I think your right about that I now recall not being able to tie anything in within 3 or 5 feet, not sure which, of a suds producing appliance.

Thanks


----------



## Plumbdog (Jan 27, 2009)

Redwood said:


> Sounds like a mess!
> 
> I'd check how it's tied in and vented...
> Has the line been camera'd for sags?


 
I just wanted to throw it out there befor I go to the job and get sucked into a nightmare with my pants around my ankles


----------



## Bill (Jun 17, 2008)

It may be 5 feet. I cant remember, but when I find out I will post it here


----------



## TheMaster (Jun 12, 2009)

Plumbdog said:


> Not sure if this is the right location for this thread, but here it is anyway. Got a call from a contractor I started doing work for and he has a customer that is complaining of a suddsing laundry drain.
> 
> The story as it has been told to me the laundry was moved to the basement and tied in to the building drain which runs along the foundation wall. The contractor said that they also added a slop sink w/pump which discharges into the same building drain (not sure at this time how or if this is vented). THe slop sink is located next to the laundry.
> 
> ...


 Where are the suds backing up? out of the washing machine standpipe? or into the laundry tray? What size trap? how tall is the standpipe?


----------



## UnclogNH (Mar 28, 2009)

Does it drain normal with just water. If it does it's possible to much soap plus vent problem hard to tell without seeing. Even if a small clog is left it's enough to push the suds back.


----------



## Protech (Sep 22, 2008)

Sounds like a lack of positive pressure venting in the pump basin.

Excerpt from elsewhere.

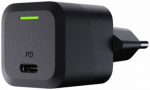 Green Cell Lādētājs Žalias Cell PowerGan USB-C Power Delivery 33W Juodas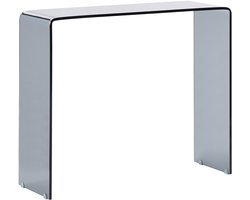 BELIANI KENDALL - Consoletafel - Zwart - Veiligheidsglas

You could also upsize the lines going into the basin to decrease turbulence.

Make sure your vent is tied well up stream of where the laundry waste is pumped into the building drain. You could be pulling suds back out of the building drain into the vent. Take a picture so we can help you out:thumbsup:


----------



## pauliplumber (Feb 9, 2009)

If they need a pump for the slop sink then the building drain is fairly high. One simple solution that MIGHT work is to increase the standpipe size and or length. You may also have to add an extension to the washing machine hose. Also if they have one of the newer high eff. washing machines, make sure they are using detergent marked HE, it's less sudsy and designed for such machines.


----------



## express (Nov 22, 2008)

If they just put in a front load washing machine they need to be using low suds detergent. had this problem before when they used there old detergent.


----------



## Plumbdog (Jan 27, 2009)

I want to thank everyone for their input and help. I didn't really know the situation at this job before being asked to trouble shoot it, so it's great to a place like this where idea's and solutions can be shared!

So, after a half a dozen attempts to schedule a visit to see if I can assess the problem I finally get in there this morning. Walk down the stairs to the basement and see the laundry trap plumbed with a six inch stand pipe:whistling2: Throw a coupling and 20" of pipe which brings it pretty close to the new dropped ceiling and no more suddings.

Thanks again


----------



## Va. Plumber (Dec 8, 2008)

I had a suds problem a while back in a high rise. After snaking, running a camera and repiping the common laundry drains to tie in farther downstream, I still had a problem. It turns out that the building had a huge negative pressure and air was pulling up the sewer. The backpressure was enough to keep those suds from going down like they should. After shutting down exhaust fans in the building, the problem suddenly went away.


----------



## 1205blazer (Nov 28, 2009)

you should have at lease a 18" to 2` stand pipe on the trap and add a vent between the trap and the sewer is it tied in with a wye or san tee ?


----------